Search code examples
rstringgsubparenthesesdollar-sign

Removing parenthesis & dollar sign using gsub() in R?


I've imported a csv file to r. Few of my columns contains currency data (ex. starts with '$'). To remove the '$' and convert the into numeric type, I've used gsub() function and it works fine. Sample code is:

strip_dollars = function(x) { as.numeric(gsub("[\\$, ]", "", x)) }
lapply(data[ , c("x4", "x5", "x7", "x8")] , strip_dollars) 

But in one particular currency column, I've few entries incuding parenthesis like ($2,345), $3,500, $5,600, ($3,234), ..... Hence, for this column the above code doesn't work. Please help me out with removing parenthesis & dollar sign from these entries.

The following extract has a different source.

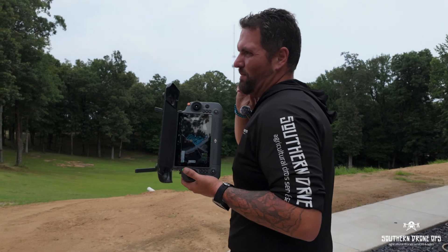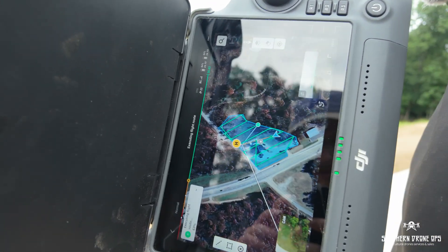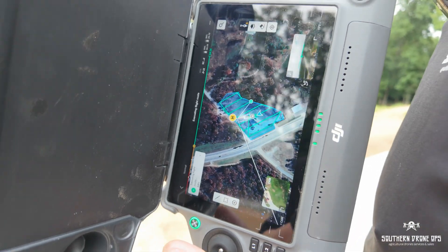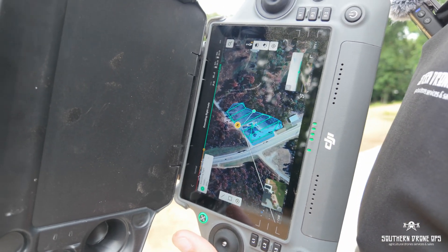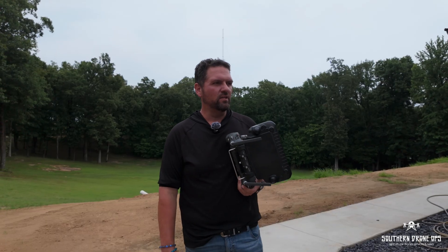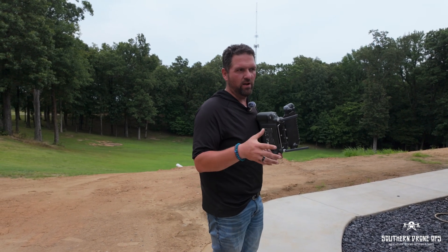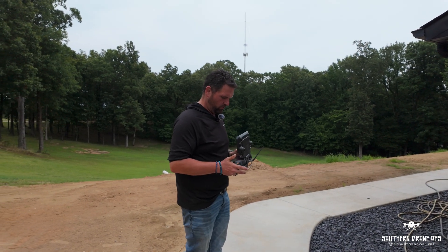If you've ever scanned with an M3 Multispectral versus the M30T, it's significantly different as far as speed goes — the M30T is much slower. Typically we'll just use our M30T as our scout drone. We'll look ahead at things, kind of get an eyeball for stuff. It's got the zoom lens, it's got the thermal, it's better for scouting like that. It's not really designed for doing acres upon acres. That's going to be the M3 Multispectral, which has the mechanical shutter, four extra lenses, and is able to give us all the different bands of light, infrared, and things like that. So this is about done and we're going to take over and look at some things.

Also, to identify columns containing currency data, I tried a lot including solutions given in R - identify which columns contain currency data $ but it doesn't work. Please suggest an optimal way of doing so.


Solution

  • I think the easiest way is to step through what is replaced. I'm inferring that you do not want to lose the negative-ness suggested by the parens, so we'll do two steps:

    s <- c("($2,345)", "$3,500", "$5,600", "($3,234)")
    gsub("[$),]", "", s)
    # [1] "(2345" "3500"  "5600"  "(3234"
    

    This removes most of the junk (that we did not want/need to keep), now let's deal with the leading left-paren:

    gsub("^\\s*[(]", "-", gsub("[$),]", "", s))
    # [1] "-2345" "3500"  "5600"  "-3234"
    

    From here, if needed, you can convert to numeric:

    as.numeric(gsub("^\\s*[(]", "-", gsub("[$),]", "", s)))
    # [1] -2345  3500  5600 -3234
    

    This is not very robust to mal-formed strings. For instance, though I look for (and remove) leading space for the left-paren, anything else there will be a problem.